A Roux-en-Y (say "roo-en-why") gastric bypass is surgery to help you lose weight. It does this in two ways. First, it makes the stomach smaller. Second, it changes the connection between the stomach and the intestines. These changes help you eat less and feel full sooner.
You will be asleep during the surgery. The doctor will make several small cuts in your belly. These cuts are called incisions. Then the doctor puts special tools and a camera through the incisions. Next, the doctor separates the upper part of your stomach from the rest of your stomach to make a small pouch. This new pouch will hold the food you eat. The doctor will connect the new stomach pouch to the middle part of your small intestine. Then he or she will close the incisions with stitches. The incisions leave scars that fade with time.
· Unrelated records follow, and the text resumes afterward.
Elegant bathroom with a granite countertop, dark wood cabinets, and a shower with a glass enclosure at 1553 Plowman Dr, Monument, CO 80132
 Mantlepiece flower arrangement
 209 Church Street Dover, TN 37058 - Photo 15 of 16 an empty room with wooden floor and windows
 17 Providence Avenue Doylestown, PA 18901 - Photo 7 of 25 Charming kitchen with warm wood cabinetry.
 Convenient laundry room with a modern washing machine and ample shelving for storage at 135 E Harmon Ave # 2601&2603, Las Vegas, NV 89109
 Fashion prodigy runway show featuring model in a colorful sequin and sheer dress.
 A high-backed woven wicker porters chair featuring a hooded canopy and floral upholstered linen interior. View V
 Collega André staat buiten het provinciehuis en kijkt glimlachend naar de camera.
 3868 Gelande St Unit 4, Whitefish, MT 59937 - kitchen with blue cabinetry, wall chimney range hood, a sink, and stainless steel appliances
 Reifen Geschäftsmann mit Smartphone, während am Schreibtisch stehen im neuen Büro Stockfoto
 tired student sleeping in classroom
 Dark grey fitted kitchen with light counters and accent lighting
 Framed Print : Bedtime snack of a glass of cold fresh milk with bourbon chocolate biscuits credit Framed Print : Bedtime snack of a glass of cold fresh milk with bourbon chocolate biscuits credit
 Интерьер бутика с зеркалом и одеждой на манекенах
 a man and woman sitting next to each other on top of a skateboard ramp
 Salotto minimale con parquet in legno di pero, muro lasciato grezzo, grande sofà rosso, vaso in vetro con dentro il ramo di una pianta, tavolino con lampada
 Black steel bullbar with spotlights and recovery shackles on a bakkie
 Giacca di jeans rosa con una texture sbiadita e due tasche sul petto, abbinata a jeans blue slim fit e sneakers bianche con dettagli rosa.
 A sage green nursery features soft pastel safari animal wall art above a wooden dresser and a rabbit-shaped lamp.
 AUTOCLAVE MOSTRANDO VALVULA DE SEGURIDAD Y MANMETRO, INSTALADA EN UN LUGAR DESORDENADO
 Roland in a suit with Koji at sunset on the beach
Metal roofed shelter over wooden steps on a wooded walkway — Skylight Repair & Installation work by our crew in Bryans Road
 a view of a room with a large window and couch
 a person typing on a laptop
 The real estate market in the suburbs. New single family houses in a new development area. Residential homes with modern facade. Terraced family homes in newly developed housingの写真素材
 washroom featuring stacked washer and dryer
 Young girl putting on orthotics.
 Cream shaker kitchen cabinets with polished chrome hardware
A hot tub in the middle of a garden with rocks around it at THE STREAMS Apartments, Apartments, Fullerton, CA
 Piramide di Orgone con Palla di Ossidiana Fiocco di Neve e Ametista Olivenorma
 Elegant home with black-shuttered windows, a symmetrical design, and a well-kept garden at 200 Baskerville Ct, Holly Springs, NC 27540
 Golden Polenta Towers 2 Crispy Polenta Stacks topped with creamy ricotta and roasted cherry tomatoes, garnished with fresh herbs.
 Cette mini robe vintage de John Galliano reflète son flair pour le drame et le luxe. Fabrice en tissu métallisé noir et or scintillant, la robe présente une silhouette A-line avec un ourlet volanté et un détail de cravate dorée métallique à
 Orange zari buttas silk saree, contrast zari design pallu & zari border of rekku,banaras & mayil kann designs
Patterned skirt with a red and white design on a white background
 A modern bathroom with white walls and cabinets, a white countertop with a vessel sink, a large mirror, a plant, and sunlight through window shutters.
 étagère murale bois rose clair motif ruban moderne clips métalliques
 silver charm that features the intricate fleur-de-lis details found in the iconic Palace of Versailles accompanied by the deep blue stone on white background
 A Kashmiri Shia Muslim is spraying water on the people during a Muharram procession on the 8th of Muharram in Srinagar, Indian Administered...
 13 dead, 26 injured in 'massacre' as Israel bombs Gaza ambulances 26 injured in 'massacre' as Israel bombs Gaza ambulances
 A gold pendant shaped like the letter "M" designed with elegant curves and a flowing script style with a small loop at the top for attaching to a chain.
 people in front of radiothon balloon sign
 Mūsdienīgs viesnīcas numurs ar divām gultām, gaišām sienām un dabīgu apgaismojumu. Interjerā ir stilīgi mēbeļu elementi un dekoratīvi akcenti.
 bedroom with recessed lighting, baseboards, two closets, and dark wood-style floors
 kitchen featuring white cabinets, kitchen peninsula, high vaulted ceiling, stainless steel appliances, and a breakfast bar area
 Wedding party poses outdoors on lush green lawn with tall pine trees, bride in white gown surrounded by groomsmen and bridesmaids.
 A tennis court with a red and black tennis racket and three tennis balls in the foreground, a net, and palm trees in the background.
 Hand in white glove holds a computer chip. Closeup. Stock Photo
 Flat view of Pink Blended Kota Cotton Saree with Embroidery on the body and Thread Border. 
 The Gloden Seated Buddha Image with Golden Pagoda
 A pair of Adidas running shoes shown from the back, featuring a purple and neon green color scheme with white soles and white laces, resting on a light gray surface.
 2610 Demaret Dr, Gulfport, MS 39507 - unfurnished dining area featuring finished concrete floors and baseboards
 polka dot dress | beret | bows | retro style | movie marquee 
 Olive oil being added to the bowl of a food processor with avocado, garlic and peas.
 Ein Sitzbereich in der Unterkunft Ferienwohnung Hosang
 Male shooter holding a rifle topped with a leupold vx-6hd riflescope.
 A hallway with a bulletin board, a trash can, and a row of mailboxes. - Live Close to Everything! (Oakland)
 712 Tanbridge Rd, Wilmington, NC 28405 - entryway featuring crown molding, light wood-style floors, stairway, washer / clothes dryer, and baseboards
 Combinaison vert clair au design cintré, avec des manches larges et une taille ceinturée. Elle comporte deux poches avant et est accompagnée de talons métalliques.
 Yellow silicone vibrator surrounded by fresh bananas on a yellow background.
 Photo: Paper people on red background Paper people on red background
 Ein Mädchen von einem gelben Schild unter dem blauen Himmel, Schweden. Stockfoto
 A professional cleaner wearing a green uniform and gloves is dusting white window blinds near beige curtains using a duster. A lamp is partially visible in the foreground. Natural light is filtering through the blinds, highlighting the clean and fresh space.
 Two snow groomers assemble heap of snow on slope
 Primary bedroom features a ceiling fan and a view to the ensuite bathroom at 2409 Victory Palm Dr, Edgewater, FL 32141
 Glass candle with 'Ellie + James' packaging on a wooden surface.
After the surgery, the food you eat will go from the small pouch to the middle part of your intestine. Food will no longer go through the lower part of your stomach or the first part of your intestines.
You will stay in the hospital 1 or more days after the surgery. Most people can go back to work or their usual routine in about 2 to 4 weeks.
Follow-up care is a key part of your treatment and safety. Be sure to make and go to all appointments, and call your doctor or nurse call line if you are having problems. It's also a good idea to know your test results and keep a list of the medicines you take.
Surgery can be stressful. This information will help you understand what you can expect. And it will help you safely prepare for surgery.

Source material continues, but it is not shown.